My top-3 picks of AI news this week.

OpenAI releases ChatGPT Connectors

OpenAI Logo Art / OpenAI

OpenAI
1. ChatGPT Gets Connected

OpenAI has announced a major expansion of ChatGPT's capabilities, allowing it to connect directly to internal sources and pull real-time context while maintaining existing user permissions.

  • Deep Research Connectors: Available for Plus & Pro users (excluding EEA, CH, UK) and Team, Enterprise & Edu users, including Outlook, Teams, Google Drive, Gmail, Linear, and more.

  • Enterprise Integration: Additional connectors like SharePoint, Dropbox, and Box are available specifically for Team, Enterprise, and Education users.
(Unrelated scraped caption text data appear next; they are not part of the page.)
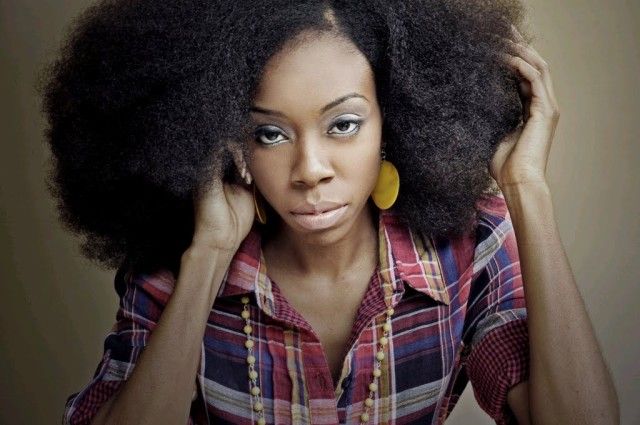Negro mujer de pelo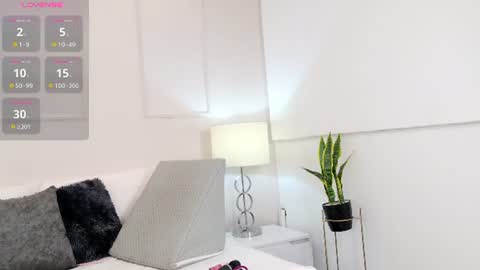 olivia_flamme online show from 06/16/26, 11:24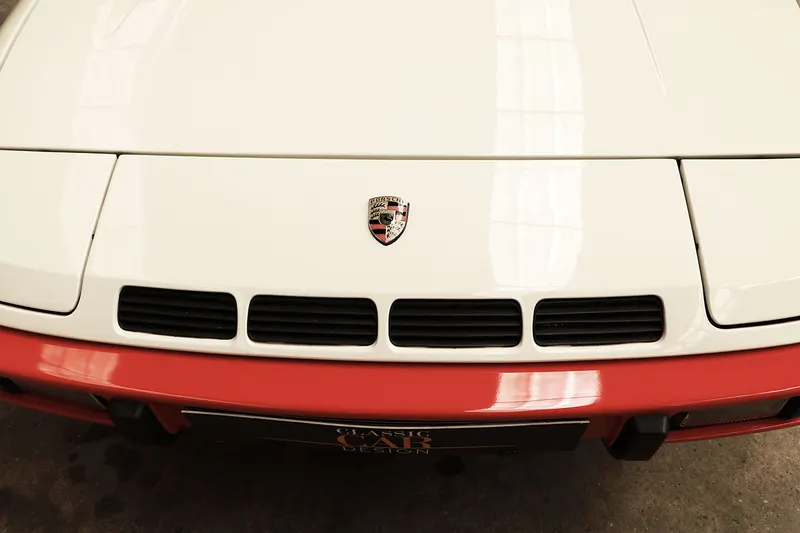 Porsche 924 Turbo 37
  • Custom Connectors: Workspace admins can now build custom deep research connectors using Model Context Protocol (MCP) in beta, enabling connection to proprietary systems and apps.

  • Record Mode: Rolling out to Team users on macOS, this feature captures meetings, brainstorms, or voice notes, transcribing and transforming them into actionable follow-ups, plans, or code.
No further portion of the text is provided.